** What needs to be done **
Quote the whole listing exactly. Leave the pictures out of your copy.

** Supplied material **
-------

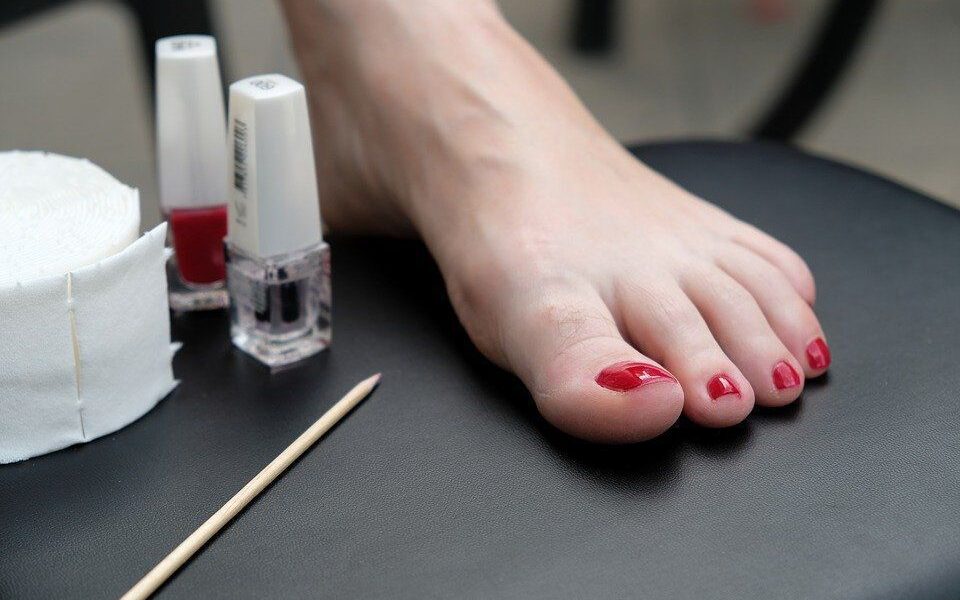 Как сделать педикюр в домашних условиях без ошибок: полезные советы для идеального результата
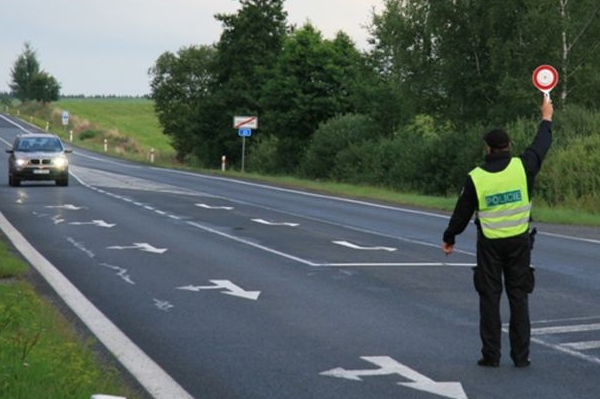Na přelomu prázdnin a školního roku se zpřísní policejní kontroly.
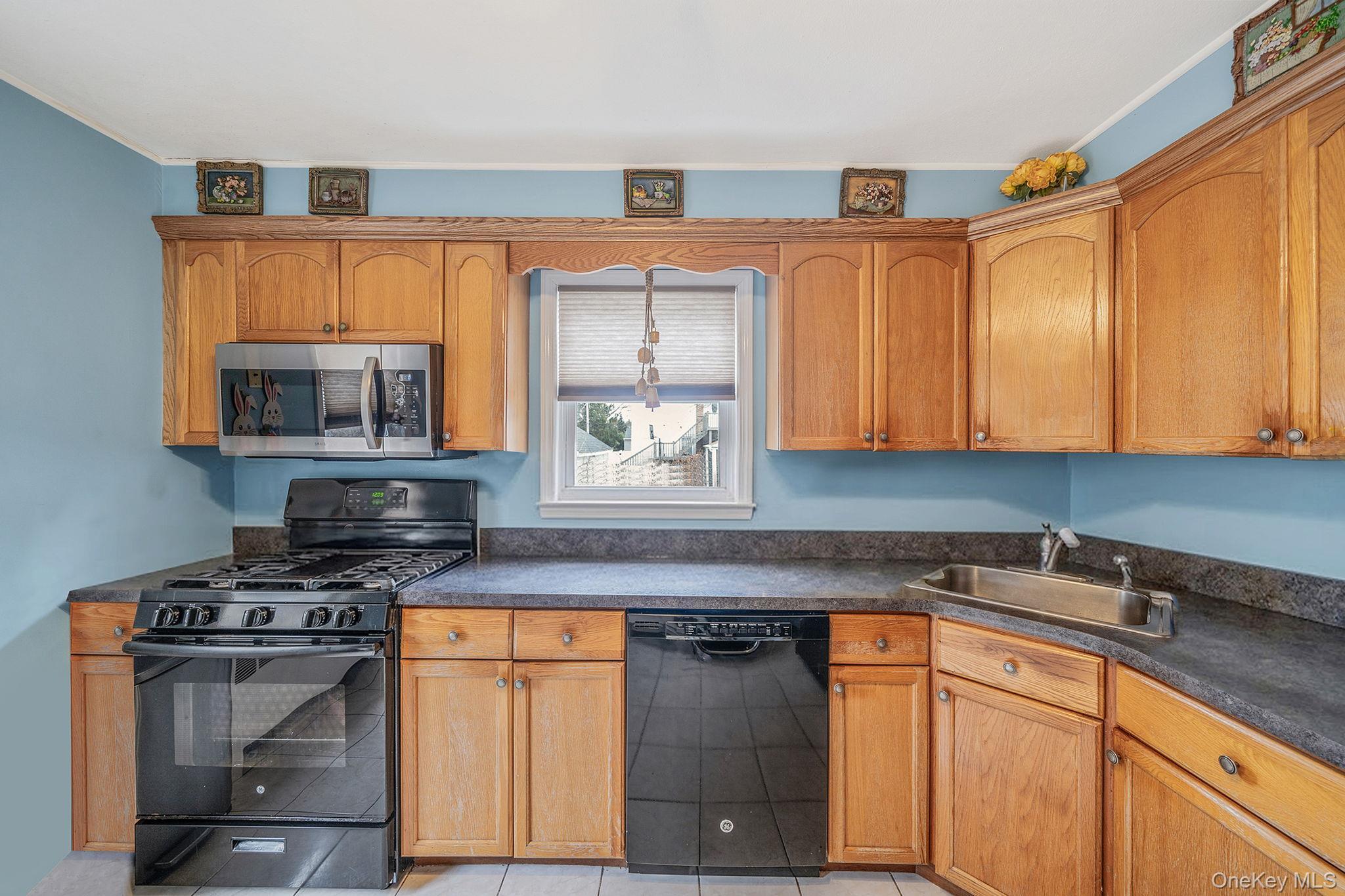 Single Family 25th  Suffolk County, NY 11726, MLS-955502-14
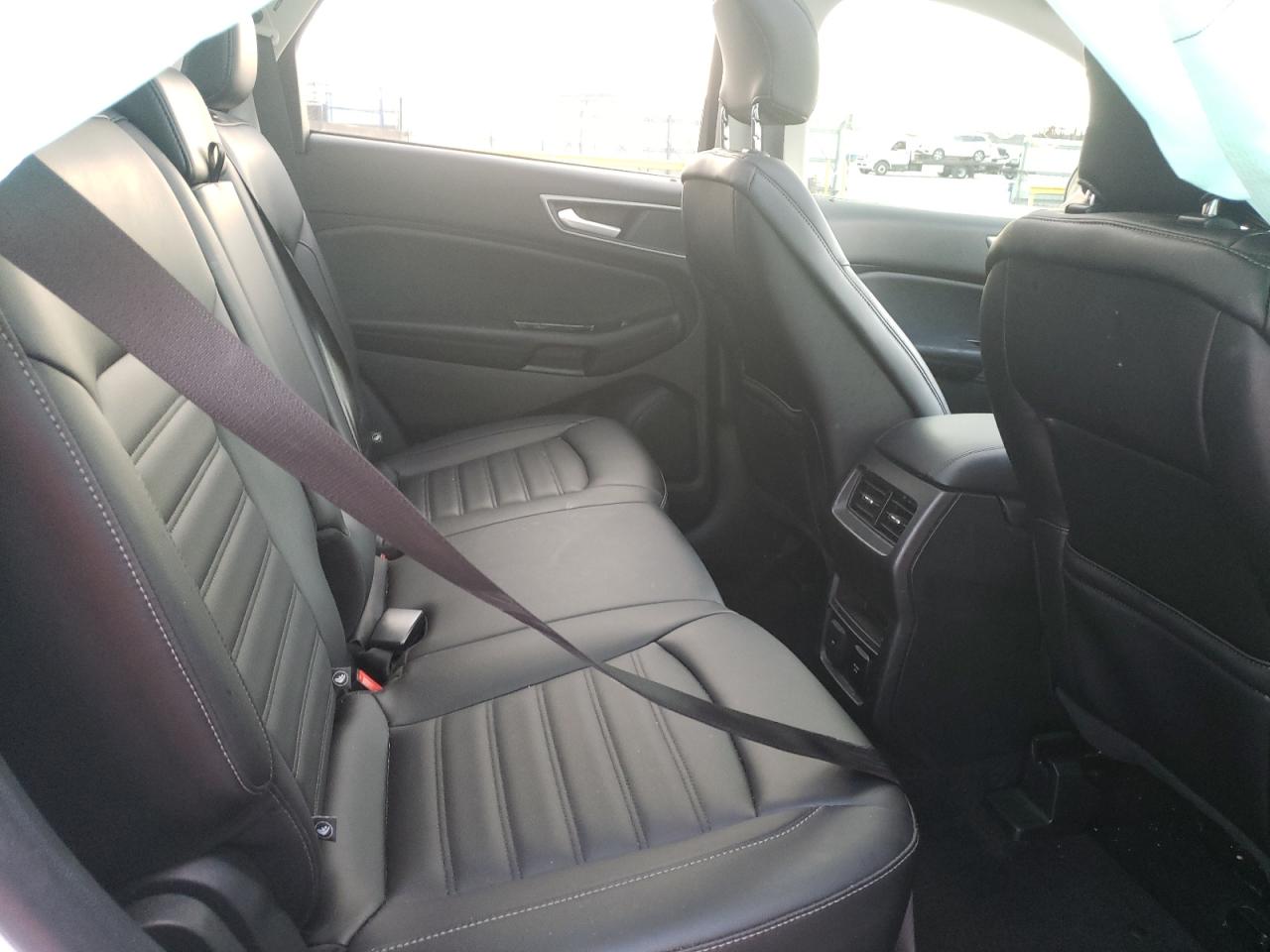 Photo 6 from auction – 2019 FORD EDGE SEL with VIN 2FMPK3J93KBC45718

-------

** Answer to this task **
 Как сделать педикюр в домашних условиях без ошибок: полезные советы для идеального результата
Na přelomu prázdnin a školního roku se zpřísní policejní kontroly.
 Single Family 25th  Suffolk County, NY 11726, MLS-955502-14
 Photo 6 from auction – 2019 FORD EDGE SEL with VIN 2FMPK3J93KBC45718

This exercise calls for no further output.